_Data excerpts_.

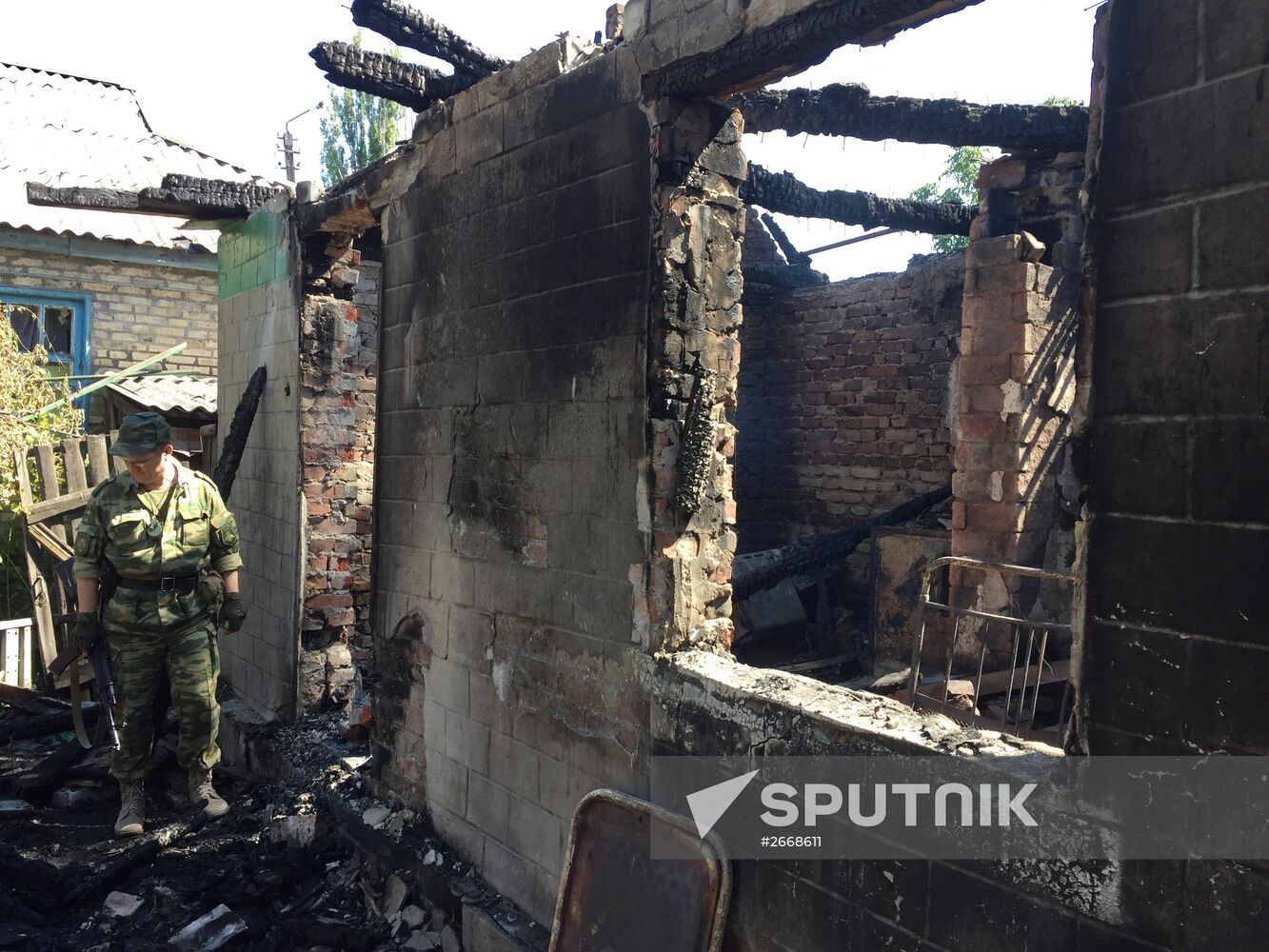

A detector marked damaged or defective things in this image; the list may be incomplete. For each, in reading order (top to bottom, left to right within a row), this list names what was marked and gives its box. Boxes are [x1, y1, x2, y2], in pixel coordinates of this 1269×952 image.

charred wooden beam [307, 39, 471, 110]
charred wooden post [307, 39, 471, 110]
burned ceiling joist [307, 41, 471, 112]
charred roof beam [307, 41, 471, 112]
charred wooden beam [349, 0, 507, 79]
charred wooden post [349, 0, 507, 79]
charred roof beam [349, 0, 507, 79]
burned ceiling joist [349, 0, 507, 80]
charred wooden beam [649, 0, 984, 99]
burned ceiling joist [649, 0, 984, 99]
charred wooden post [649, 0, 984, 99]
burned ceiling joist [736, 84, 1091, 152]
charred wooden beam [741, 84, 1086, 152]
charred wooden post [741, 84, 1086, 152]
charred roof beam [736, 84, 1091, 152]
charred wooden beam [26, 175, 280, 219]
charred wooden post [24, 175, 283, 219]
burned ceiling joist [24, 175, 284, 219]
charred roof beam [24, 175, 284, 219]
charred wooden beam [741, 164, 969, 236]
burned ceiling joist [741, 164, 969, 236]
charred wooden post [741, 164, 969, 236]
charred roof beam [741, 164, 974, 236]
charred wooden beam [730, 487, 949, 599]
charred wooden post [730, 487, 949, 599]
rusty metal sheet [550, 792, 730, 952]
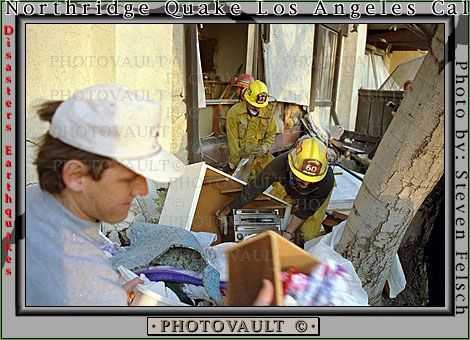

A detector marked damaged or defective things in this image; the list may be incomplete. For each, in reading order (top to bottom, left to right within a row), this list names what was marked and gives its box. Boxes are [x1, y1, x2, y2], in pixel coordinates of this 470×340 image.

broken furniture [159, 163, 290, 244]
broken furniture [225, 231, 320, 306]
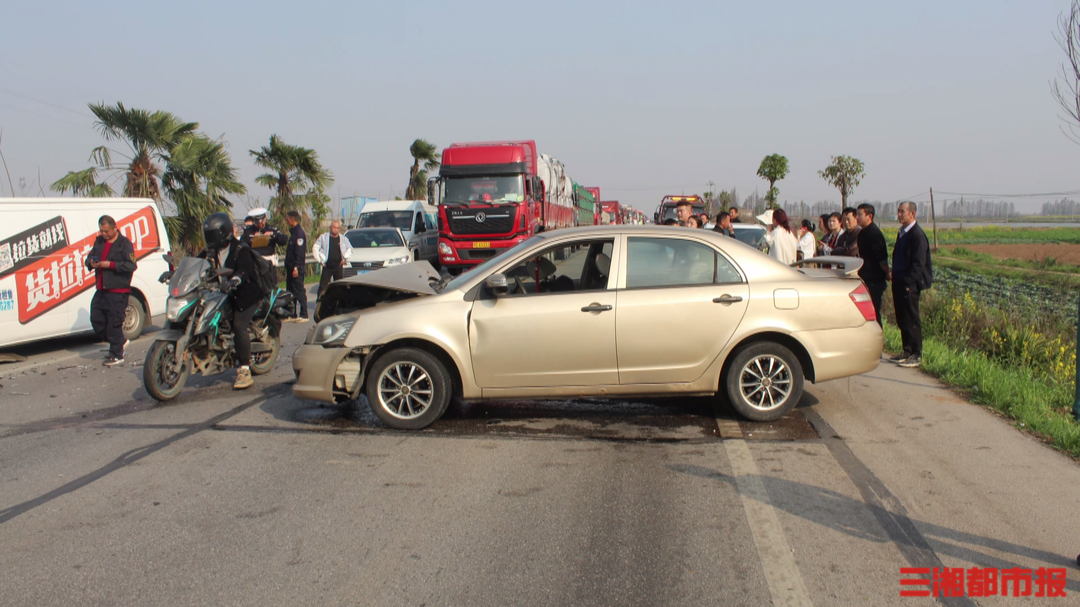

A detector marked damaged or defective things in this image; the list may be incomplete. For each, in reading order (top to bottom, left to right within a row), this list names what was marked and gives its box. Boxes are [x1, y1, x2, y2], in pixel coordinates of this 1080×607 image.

_What to work on_. Skip the pictures. Please copy exactly the lines from the one with "this 470×340 image." through the final line of the material above, both ends included.

_Answer to this task_.
A detector marked damaged or defective things in this image; the list may be incomplete. For each, in reading order (top to bottom, left to right within a row), this list names what was marked and gives its box. Boxes are [x1, y1, x2, y2], in pixel coordinates of this 470×340 image.

broken furniture [159, 163, 290, 244]
broken furniture [225, 231, 320, 306]

A detector marked damaged or defective things in this image; the list may be incomplete. For each, in reading order (top to bottom, left to right within a row), this list names what was marked and gives its box. Boxes are [x1, y1, x2, y2], in pixel coordinates of this 1080×607 image.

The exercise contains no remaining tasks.